21 Mayıs 2010 Cuma
Çiçek ve Arşimet
Merhabalar,
Bugün İzmir'de hava biraz kapalı gibi ve benimde içim havayla kapanıyor. Sabahtan beri güzel şeylere bakıp, güzel şeyler düşünerek kendimi açmaya çalışıyorum ama olmuyor. Aslında herşey dün akşam Figen'in çiçeğini öldürmemizle başladı. Salımı artık Pazartesi mi yoksa daha önceden mi bilmiyoruz ama su vermemişiz. En son ne zaman suladığımızı ikimizde hatırlamıyoruz. Figen hemen su verip hayata döndürmek istedi. Şişeyi açıp suyu dökmesiyle çiçek öyle bir hareket etti ki; kafayı yiyordum. Bir an odada diğer kızlarla dirildi sandık. Arşimet 3 mühendisin saksının dibinde birden yükselen suyun, çiçeği kaldırmasına çığlıklar atıp, dirildi diye korkmasına (resmen benim aklım başımdan gitti, kalbim hopladı), herhalde " aaaah ahh ileri teknoloji bu mu, gelecek mühendisleri bunlar mı diye?" diye isyan ederdi. Öncelikle sulamadığımız için çiçekten, sonrada Arşimet'ten özür diliyorum.
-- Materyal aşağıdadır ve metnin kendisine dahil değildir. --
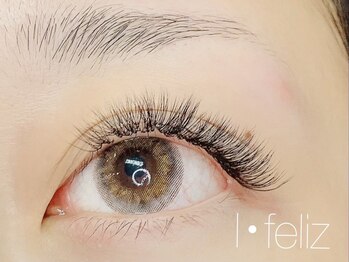 アイフェリス 石巻店(Eye Lash saron I feliz)/3Dラッシュ120束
Bugün mutlu olmasını çok arzuladığım, mutluluğu aslında daha erken hak ettiğini düşündüğüm bir arkadaşım evleniyor. Sabah nikahı unuttuğum için kot etek, spor ayakkabı ve sweat giydim. Şimdi nikaha böyle gitmek zorundayım. Offf offf.... Bu aralar birşeyler ters gidiyor. Aslında şöyle düşünmem lazım; aman terslik gelecekse, bunu yaşayacaksam, sıramı böyle şeylerle savayım. Değil mi?